How to complete this task: Produce an exact copy of the lines below, starting at the first and ending with the line containing "Students leave for the trip. (Facebook)".

Extracted records:
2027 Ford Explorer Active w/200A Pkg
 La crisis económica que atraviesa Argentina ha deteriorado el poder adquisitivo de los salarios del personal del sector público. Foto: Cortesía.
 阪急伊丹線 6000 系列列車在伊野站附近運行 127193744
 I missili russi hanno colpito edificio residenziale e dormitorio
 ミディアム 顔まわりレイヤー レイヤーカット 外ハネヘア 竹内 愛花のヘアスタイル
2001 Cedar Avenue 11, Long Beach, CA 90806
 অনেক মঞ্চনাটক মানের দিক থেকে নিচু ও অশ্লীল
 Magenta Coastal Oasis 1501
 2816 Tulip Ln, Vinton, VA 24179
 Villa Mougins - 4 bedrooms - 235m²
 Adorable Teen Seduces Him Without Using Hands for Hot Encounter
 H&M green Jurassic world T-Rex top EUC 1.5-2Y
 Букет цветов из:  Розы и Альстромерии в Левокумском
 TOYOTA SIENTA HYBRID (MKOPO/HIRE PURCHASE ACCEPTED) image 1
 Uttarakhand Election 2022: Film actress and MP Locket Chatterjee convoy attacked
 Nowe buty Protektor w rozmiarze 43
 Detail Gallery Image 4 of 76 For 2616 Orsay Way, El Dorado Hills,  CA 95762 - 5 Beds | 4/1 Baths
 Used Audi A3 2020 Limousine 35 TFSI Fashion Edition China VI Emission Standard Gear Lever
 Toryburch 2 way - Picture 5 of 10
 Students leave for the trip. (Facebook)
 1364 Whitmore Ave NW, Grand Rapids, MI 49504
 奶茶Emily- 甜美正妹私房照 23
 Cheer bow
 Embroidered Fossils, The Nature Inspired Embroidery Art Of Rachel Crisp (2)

Result of the exercise:
2027 Ford Explorer Active w/200A Pkg
 La crisis económica que atraviesa Argentina ha deteriorado el poder adquisitivo de los salarios del personal del sector público. Foto: Cortesía.
 阪急伊丹線 6000 系列列車在伊野站附近運行 127193744
 I missili russi hanno colpito edificio residenziale e dormitorio
 ミディアム 顔まわりレイヤー レイヤーカット 外ハネヘア 竹内 愛花のヘアスタイル
2001 Cedar Avenue 11, Long Beach, CA 90806
 অনেক মঞ্চনাটক মানের দিক থেকে নিচু ও অশ্লীল
 Magenta Coastal Oasis 1501
 2816 Tulip Ln, Vinton, VA 24179
 Villa Mougins - 4 bedrooms - 235m²
 Adorable Teen Seduces Him Without Using Hands for Hot Encounter
 H&M green Jurassic world T-Rex top EUC 1.5-2Y
 Букет цветов из:  Розы и Альстромерии в Левокумском
 TOYOTA SIENTA HYBRID (MKOPO/HIRE PURCHASE ACCEPTED) image 1
 Uttarakhand Election 2022: Film actress and MP Locket Chatterjee convoy attacked
 Nowe buty Protektor w rozmiarze 43
 Detail Gallery Image 4 of 76 For 2616 Orsay Way, El Dorado Hills,  CA 95762 - 5 Beds | 4/1 Baths
 Used Audi A3 2020 Limousine 35 TFSI Fashion Edition China VI Emission Standard Gear Lever
 Toryburch 2 way - Picture 5 of 10
 Students leave for the trip. (Facebook)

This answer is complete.